最初は触れることもできないほど遠い存在が、いつのまにか近くにあったら?
年齢も、立場も全く違くても、言葉が二つの魂をつなぎ合わせるのしたら?
スーパースターのジョンFドノヴァンに何故だか強く惹かれて、ダメ元で手紙を書いた。
転校生で、チビで、子役で、母子家庭の僕はいじめられるのに十分で、一人きりの僕にとってジョンと、彼のドラマが人生の全てだった。
手紙のやりとりはいつのまにか100通以上にもなり、彼とのたわいもない会話が僕を形作る細胞になった。
物語はインタビュアーに、少年時代の事を語る『現在』と、ジョンがテレビで活躍していた『過去』が錯綜して描かれる。
母とも確執があり、少年にとって心の支えはジョンだけだった。
ジョンもまた家族間の確執で苦しみ、自らを偽ることで壊れてしまった。
あのままジョンが死ななければ違う形の関わり方に変化していったかもしれない二人の交流。
しかしルパート少年は偽りの中で苦しんだジョンの姿を反面教師として、ジョンとは違う道を歩き始めるのだ。
たかが10年の違いが彼らのような人たちが自分らしく生きられるようにしてくれて、ルパートのラストの笑顔へと繋がるのだ。
もう大丈夫、ぼくはきっと大丈夫だよって・・
物語の最初の時点で、ジョンはもうこの世にいない。ルパート少年とジョンの関わりの証拠は文通のやり取りがあったという事実だけで直接的に交わるシーンなどはない。
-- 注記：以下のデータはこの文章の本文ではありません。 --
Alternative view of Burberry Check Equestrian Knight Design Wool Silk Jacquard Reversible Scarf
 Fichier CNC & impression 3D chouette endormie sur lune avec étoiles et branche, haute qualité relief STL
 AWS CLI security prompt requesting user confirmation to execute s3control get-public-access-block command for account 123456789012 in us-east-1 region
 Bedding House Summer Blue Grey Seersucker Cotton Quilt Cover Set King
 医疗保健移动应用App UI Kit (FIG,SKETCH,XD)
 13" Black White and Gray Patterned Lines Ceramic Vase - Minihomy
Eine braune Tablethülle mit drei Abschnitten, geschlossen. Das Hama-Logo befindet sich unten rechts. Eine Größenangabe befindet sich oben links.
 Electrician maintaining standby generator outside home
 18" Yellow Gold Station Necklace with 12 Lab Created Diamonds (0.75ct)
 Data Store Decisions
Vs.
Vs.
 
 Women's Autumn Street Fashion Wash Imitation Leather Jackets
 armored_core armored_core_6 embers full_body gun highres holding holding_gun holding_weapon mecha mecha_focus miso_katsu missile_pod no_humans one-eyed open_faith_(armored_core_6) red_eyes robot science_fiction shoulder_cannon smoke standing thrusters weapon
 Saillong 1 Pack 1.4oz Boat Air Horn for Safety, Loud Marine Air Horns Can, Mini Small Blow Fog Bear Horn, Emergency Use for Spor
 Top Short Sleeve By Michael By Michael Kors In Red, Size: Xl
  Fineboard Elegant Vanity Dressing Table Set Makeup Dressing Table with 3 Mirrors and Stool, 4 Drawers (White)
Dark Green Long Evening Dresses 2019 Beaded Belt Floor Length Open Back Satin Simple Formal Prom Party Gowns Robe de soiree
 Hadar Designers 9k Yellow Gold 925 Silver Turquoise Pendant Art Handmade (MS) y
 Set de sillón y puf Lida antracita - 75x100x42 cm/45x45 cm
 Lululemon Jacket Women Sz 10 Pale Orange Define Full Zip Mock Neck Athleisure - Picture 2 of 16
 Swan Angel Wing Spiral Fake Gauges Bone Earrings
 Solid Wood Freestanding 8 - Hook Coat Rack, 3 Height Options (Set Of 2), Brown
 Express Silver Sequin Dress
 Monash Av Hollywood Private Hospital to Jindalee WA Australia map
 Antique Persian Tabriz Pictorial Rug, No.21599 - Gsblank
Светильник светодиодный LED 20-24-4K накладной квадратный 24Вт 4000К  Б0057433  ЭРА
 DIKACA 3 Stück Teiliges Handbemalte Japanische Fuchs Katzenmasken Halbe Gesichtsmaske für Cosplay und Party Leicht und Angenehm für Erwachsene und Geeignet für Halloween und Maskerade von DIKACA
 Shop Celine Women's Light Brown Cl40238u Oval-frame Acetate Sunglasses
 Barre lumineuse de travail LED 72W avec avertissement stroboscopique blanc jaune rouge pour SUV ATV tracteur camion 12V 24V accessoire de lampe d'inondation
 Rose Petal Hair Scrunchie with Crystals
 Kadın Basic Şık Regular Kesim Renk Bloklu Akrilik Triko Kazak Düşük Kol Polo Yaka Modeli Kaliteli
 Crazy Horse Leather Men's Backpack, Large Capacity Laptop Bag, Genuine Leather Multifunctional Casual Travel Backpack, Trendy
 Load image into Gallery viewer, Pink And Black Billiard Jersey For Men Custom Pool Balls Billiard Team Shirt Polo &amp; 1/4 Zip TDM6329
この2人をどこかで直接交わらるか、手紙の内容を明かして2人の関係をより深く見せる方法もあるのに、敢えてそうしないのもクールでセンスの良いドラン監督らしい演出ともいえる。
あからさまにしすぎないことで、ルパート少年とジョンの関係は2人だけのものであり、結果かけがえのない極上のラブストーリーに仕上がっていた。
ルパート少年がジョンに恋をしたようにドランはかつて、スクリーンの中で輝くレオナルド・ディカプリオに憧れの念を抱いていたという。
夢中になって、きっとルパート少年のようにスクリーンのレオ様に本気で恋をしたのだろうか。